A writer without a project is a terrible thing.
It’s bad at night, especially when I’m alone, left to consider my daily inadequacies and failures. These failures don’t have to be large. Maybe I had a beer, and all day, I was trying to be “healthy.” Maybe I cussed when I should have stayed calm or received a negative letter from an agent.
(“I am Jack’s inflamed sense of rejection.”)
On my thirty-first birthday last week, I watched Fight Club. Seemed a meaningless choice at the time, but maybe it was symbolic. Somehow.
(“I see all this potential, and I see squandering. God damn it, an entire generation pumping gas, waiting tables; slaves with white collars. Advertising has us chasing cars and clothes, working jobs we hate so we can buy shit we don’t need. … We’ve all been raised on television to believe that one day we’d all be millionaires, and movie gods, and rock stars. But we won’t. And we’re slowly learning that fact. And we’re very, very pissed off.”)
True, coming from Brad Pitt, those last few lines are ironic.
However, I associate with the characters of Fincher’s Fight Club. I certainly have the Narrator-Tyler Durden effect. I sound much different in my own head than I do in real life. Most of the time, I’m barely in my own head at all, off writing a story in my imagination instead. I could be driving past an elk in a t-shirt; wouldn’t know it.
I also share commonalities with Marla Singer.
(“Marla’s philosophy of life is that she might die at any moment. The tragedy, she said, was that she didn’t.”)
Am I ever that depressed? No. But I grasp what she’s talking about. Despite how I come off, I’ve never been much of an optimist.

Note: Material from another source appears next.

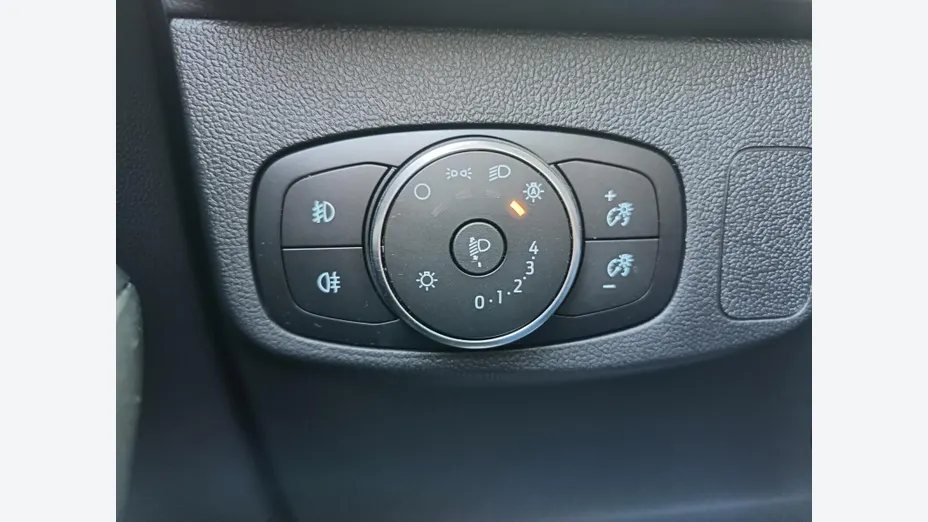 FORD Focus Focus 1.0 EcoBoost mHEV ST-Line X aut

(“Hey, even the Mona Lisa is falling apart.”)
Unsettled. Know what I mean? Have you ever felt unsettled? The word itself is unsettling.

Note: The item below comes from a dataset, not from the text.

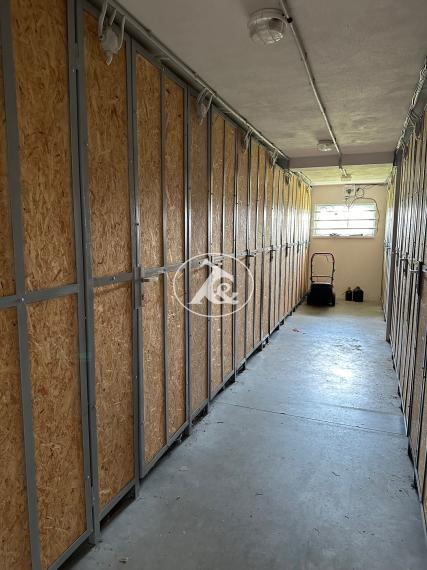 PREDANÉ - Predaj veľkého 3-izbového bytu s loggiou, garážou a výhľadom na vinice v Pezinku ul. Eugena Suchoňa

(“Not fixed or stable; without established order; disorganized.”)
I’m Type A to the extreme (probably a little OCD), so feeling unstable and disorganized is unsettling.

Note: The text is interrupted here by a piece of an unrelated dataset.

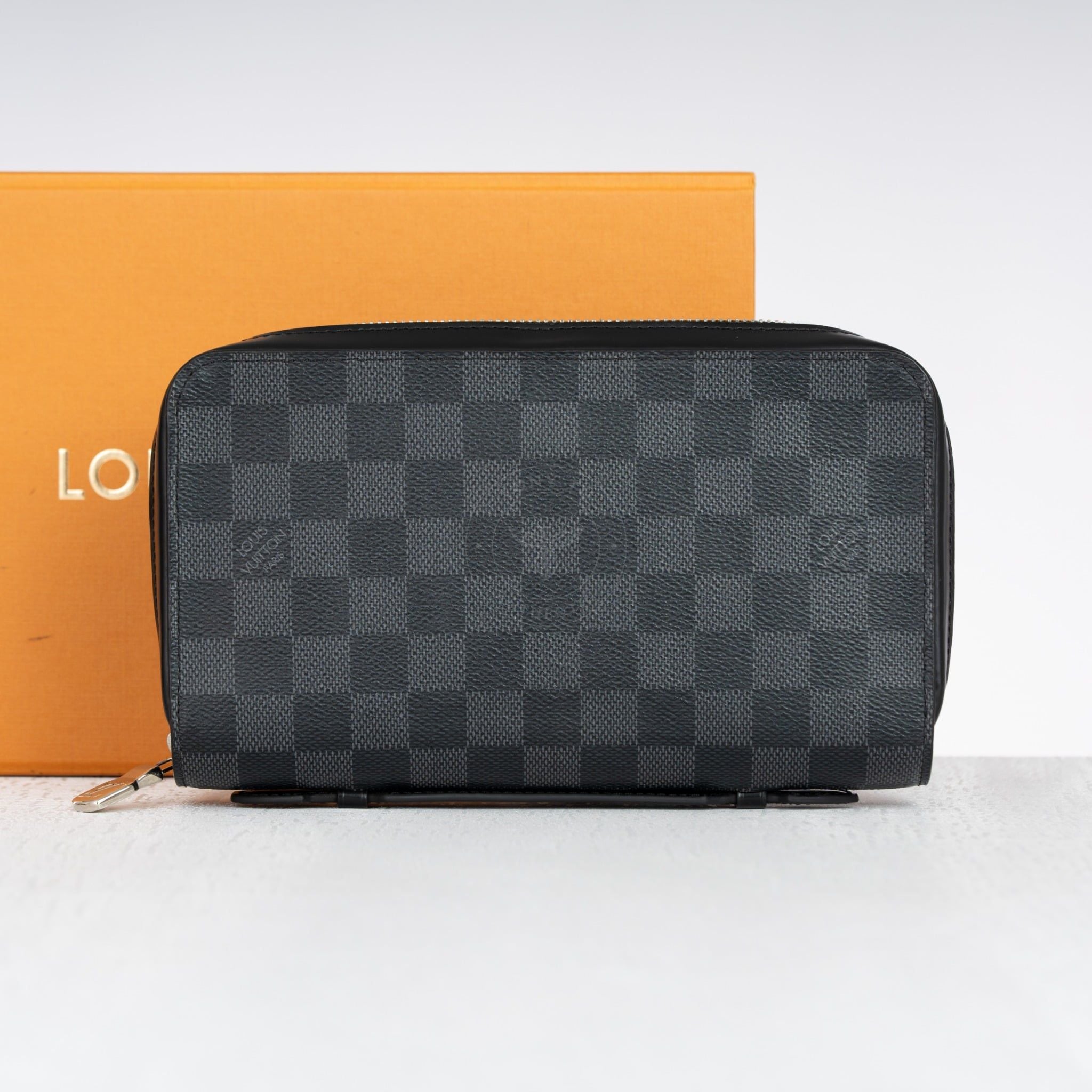 Clutch Louis Vuitton Zippy XL Damier Graphite size 22 (NEW SS)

(“This is your life and it’s ending one minute at a time.”)
This isn’t a shallow quarter-life crisis. I’m not having a crisis. I said I’m unsettled.
Jake said something poignant today: “If dreams were easy, everyone would achieve them.” Which brings us back to Tyler Durden’s observation that we will not all be famous. We will not all be successful. We will not all be rich. And yeah, I guess some of us are pretty pissed about it, so is it possible to channel that pissed-off-ness into ambition? Into a driving force? It’s better than getting jaded.
I watched Fight Club on my thirty-first birthday, and all I got was this blog post and a reminder that Tyler is right.
(“No fear. No distractions. The ability to let that which does not matter truly slide.”)
Stop being afraid. Stop being distracted. Tell yourself thirty is the new twenty, and this is not the time to freak out, give up, or hide under the bed. Thought I’d end on a hopeful note.